Bangcoc, 23/08/2005 – A chegada de um grupo de avaliação da Organização das Nações Unidas ao Camboja, prevista para o próximo mês, criou esperanças de uma aceleração no processo para julgar os líderes sobreviventes do regime genocida do Khmer Vermelho (1975-1979). O trabalho que a equipe da ONU deve realizar para criar o tribunal especial que julgará o Khmer Vermelho, acusado de assassinar 1,7 milhão de cambojanos, será tão importante quanto o conseguido em maio, quando as Nações Unidas anunciaram que as condições legais e financeiras necessárias para o processo finalmente haviam sido obtidas.

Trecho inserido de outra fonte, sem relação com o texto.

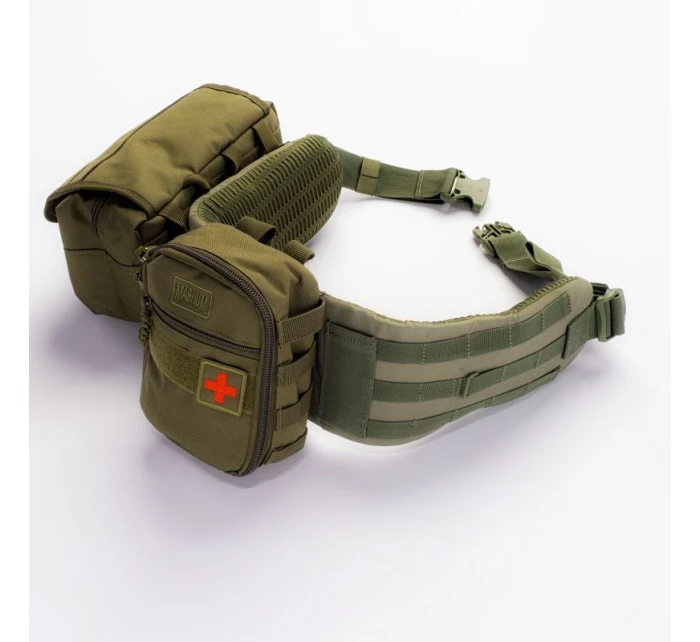 Batoh 85 model 20089052 - Magnum Batoh 85 model 20089052 - Magnum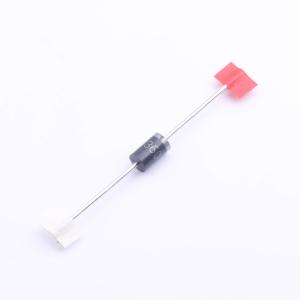 SB360商品缩略图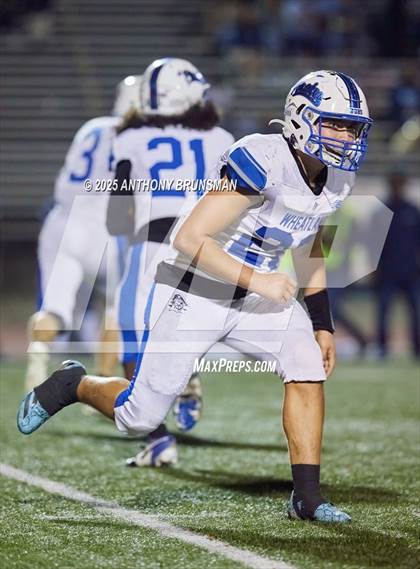 Thumbnail 2 in Wheatland @ Oakmont photogallery.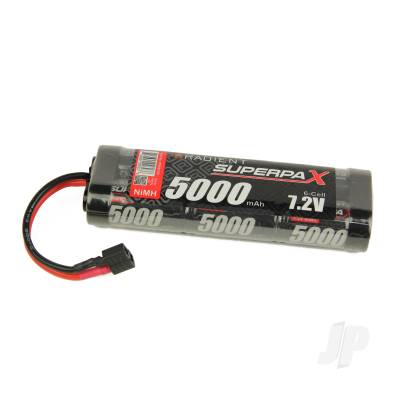 radient-nimh-7-2v-5000mah-deans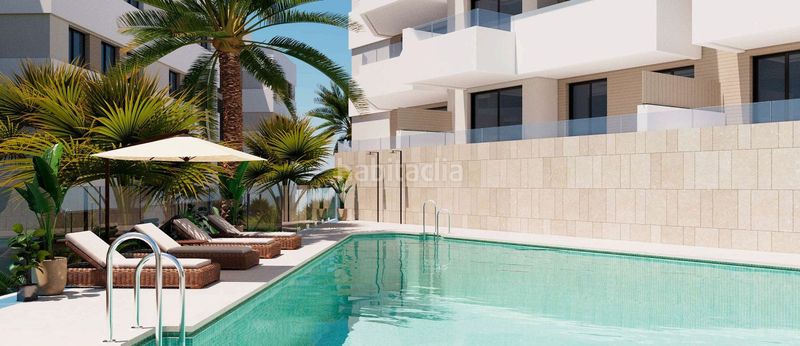 Foto fa46db8a-e4f2-44c8-bff0-9f5333335454. Apartament amb calefacció aparcament piscina a Mijas golf Mijas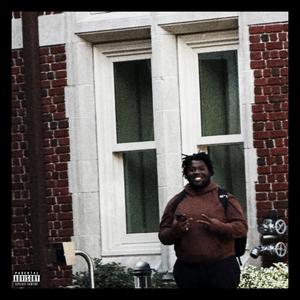TAPEOFTHEYEAR (feat. damsKO)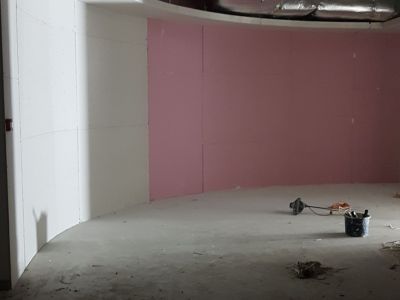 executam-lucrari-in-domeniul-constructiilor-interioare-exterioare-de-orice-fel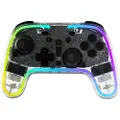 Teknikproffset 1276829 Nintendo Switch-kontroller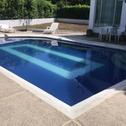 Holiday home Casa Quinta con piscina privada Girardot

"Haverá muitos marcos a serem atingidos de agora até o começo do julgamento", disse Helen Jarvis, assessora do Conselho de Ministros do Camboja. "A escolha e nomeação de juízes e promotores, bem como seu juramento, serão importantes. Jarvis também confirmou, em entrevista à IPS, que pode demorar meses até o primeiro acusado de genocídio sentar no banco dos réus. "Depois do juramento dos juízes até o primeiro acusado enfrentar o tribunal pode demorar até 12 meses". Estes sinais de lentidão servem para recordar a difícil viagem dos planos para criar um tribunal especial patrocinado pela ONU. Na semana passada, o primeiro-ministro cambojano, Samdech Hun Sen, disse que o processo pode não transcorrer como estava previsto, por causa de um déficit financeiro que a comunidade internacional deve assumir, disse. "Se eles não derem o dinheiro, então não se pode estabelecer o tribunal. E não tenho dinheiro", disse aos jornalistas.
A disputa financeira trouxe á tona uma preocupação sobre o compromisso de Hun Sen com o processo contra os líderes do Khmer Vermelho. Qualquer retrocesso de Phnom Penh será visto com descumprimento do acordo entre o governo e a ONU em matéria de finanças, afirmaram ativistas pelos direitos humanos. "O governo tem a obrigação de conseguir os fundos", disse Youk Chhang, diretor do Centro de Documentação do Camboja, organismo com sede em Phnom Penh que recolhe provas e testemunhos das atrocidades cometidas pelo Khmer Vermelho para enviar ao tribunal especial.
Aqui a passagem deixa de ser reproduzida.